If "cache" means "keep the DOM elements in the internal collection for that jQuery object" .. then yes.

Imagine

jq = $(elementListOrSelector)

where jq[0..jq.length-1] evaluate to the respectively DOM element. For instance, jq[0] evaluates to the first DOM element represented by the jQuery object, if any. Note that this collection is not magically changed once it has been built (and the way in which it was built does not matter).

However there is no "cache" outside of simply keeping the immediate results for that particular jQuery object.

Assuming I've understood your question correctly, then no, jQuery won't keep a reference to the selected nodes beyond the statement that uses them:

$('.myclass').html('hello'); //Select all .myclass elements, then change their HTML
$('.myclass').html('bye'); //Select all .myclass elements, then change their HTML again

If you maintain a reference to those selected nodes separately, it will be faster:

var elems = document.querySelectorAll('.myclass'); //Select all .myclass elements
$(elems).html('hello'); //Change their HTML (no need to select them)
$(elems).html('bye'); //Change their HTML (no need to select them)

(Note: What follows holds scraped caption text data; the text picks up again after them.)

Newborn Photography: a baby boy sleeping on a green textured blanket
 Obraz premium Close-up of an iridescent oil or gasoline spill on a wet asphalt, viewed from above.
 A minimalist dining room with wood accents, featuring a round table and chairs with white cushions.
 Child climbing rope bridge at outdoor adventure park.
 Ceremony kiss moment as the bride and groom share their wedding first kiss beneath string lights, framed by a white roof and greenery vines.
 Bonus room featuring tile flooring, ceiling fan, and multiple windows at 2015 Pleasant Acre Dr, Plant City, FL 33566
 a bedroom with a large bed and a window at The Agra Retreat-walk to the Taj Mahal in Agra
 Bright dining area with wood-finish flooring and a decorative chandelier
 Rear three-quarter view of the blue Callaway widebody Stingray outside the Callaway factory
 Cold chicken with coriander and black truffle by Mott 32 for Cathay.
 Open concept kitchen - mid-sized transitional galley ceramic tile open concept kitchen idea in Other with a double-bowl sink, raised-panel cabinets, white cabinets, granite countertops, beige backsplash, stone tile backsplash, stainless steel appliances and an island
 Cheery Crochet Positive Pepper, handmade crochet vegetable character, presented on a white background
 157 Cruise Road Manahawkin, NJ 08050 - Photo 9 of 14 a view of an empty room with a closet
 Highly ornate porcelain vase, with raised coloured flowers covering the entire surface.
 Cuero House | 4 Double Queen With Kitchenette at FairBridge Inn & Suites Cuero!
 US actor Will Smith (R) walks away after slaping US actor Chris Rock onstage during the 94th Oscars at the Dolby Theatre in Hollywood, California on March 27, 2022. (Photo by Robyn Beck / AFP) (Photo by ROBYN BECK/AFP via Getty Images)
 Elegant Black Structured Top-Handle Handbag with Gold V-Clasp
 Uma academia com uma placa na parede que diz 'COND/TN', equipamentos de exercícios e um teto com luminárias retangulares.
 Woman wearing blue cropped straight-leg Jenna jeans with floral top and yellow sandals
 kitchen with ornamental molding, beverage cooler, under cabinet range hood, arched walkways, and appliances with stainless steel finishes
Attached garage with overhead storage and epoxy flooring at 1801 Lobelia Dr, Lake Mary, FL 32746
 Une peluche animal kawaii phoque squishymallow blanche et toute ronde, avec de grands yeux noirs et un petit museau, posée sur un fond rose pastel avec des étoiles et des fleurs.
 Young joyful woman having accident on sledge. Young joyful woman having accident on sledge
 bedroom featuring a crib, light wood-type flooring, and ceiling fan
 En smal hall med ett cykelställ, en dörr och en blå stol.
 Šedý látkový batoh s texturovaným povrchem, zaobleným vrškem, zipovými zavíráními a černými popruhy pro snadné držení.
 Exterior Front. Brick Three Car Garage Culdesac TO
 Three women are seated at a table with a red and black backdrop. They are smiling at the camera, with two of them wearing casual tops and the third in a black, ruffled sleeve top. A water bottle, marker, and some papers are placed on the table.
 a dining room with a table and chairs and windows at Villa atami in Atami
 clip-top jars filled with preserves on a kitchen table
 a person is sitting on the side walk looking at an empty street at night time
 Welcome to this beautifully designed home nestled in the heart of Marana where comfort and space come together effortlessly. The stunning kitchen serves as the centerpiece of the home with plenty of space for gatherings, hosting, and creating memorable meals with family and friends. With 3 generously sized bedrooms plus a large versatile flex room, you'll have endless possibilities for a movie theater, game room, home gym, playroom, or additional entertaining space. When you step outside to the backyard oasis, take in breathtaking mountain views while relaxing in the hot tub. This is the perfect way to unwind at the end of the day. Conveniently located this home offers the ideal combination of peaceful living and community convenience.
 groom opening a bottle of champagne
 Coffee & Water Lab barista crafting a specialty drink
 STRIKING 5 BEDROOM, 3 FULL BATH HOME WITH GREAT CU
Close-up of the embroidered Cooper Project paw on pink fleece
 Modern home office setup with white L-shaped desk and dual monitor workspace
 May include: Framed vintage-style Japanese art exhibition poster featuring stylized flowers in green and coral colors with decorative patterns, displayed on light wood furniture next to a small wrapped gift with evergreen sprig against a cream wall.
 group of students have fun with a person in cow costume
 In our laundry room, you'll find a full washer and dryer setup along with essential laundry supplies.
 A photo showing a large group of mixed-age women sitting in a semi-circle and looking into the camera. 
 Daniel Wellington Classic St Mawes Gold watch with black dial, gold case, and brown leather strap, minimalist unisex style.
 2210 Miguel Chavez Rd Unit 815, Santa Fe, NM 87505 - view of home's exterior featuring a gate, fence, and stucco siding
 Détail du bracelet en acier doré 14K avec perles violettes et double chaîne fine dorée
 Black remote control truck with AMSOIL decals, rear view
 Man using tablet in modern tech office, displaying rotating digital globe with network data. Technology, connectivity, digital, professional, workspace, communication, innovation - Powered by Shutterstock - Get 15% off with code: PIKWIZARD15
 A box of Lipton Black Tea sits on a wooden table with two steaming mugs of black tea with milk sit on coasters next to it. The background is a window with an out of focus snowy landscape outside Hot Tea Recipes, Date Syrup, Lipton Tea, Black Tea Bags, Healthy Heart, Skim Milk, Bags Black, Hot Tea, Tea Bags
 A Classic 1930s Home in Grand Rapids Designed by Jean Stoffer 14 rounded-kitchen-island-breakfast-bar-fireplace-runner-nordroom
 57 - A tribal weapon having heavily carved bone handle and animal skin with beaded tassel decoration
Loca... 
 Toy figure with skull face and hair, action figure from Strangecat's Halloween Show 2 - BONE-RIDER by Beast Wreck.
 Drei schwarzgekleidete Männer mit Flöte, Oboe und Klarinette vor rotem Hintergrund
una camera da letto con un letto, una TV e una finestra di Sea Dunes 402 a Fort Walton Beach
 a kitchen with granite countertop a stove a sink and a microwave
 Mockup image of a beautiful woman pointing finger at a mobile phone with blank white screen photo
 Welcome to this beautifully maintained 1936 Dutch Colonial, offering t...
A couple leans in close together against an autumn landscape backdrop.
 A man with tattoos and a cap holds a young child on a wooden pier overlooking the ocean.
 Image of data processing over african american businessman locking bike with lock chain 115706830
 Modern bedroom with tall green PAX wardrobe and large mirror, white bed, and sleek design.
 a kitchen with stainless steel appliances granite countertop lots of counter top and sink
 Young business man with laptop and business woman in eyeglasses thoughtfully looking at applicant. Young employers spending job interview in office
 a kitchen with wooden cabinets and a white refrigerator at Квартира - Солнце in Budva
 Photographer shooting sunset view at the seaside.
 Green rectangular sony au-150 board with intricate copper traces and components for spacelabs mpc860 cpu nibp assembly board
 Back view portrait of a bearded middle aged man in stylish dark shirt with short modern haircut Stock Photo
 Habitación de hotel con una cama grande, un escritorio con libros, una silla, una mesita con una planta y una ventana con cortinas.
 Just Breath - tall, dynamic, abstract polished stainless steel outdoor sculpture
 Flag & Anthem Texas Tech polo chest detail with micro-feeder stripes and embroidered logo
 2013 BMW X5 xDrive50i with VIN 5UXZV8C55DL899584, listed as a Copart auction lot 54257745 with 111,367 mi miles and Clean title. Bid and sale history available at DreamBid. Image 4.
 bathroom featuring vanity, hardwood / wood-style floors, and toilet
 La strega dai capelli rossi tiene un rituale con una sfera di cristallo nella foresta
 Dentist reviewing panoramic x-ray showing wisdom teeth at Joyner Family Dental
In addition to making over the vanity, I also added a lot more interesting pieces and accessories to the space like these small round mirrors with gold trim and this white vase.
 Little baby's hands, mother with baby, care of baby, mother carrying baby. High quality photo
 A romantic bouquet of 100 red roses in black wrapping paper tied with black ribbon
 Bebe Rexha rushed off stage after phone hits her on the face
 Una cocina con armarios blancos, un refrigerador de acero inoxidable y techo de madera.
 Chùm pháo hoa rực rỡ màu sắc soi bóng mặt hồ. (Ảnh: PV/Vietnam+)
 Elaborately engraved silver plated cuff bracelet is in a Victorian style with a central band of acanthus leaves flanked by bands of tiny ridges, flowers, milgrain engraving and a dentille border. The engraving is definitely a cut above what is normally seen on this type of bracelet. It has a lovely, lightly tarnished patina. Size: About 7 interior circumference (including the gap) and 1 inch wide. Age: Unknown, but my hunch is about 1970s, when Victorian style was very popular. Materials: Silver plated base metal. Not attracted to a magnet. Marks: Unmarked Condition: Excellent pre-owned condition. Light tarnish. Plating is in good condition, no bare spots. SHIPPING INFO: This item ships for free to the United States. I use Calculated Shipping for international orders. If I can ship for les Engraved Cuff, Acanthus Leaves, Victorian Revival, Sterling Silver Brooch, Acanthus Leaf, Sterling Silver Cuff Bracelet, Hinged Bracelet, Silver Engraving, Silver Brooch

The difference won't be massive (unless your DOM is very complicated) but there will be a difference:

Update

will jQuery keep a reference to elems and cache $(elems) internally so it won’t have to apply the same $() wrapper every time?

No, it won't. As stated above, the reference to the matched set of elements will not be maintained beyond the statement to which it applies. You can improve the performance of your code by keeping a reference to jQuery objects that are used throughout, rather than selecting them again each time, or even wrapping a stored set of native DOM nodes in a jQuery object each time.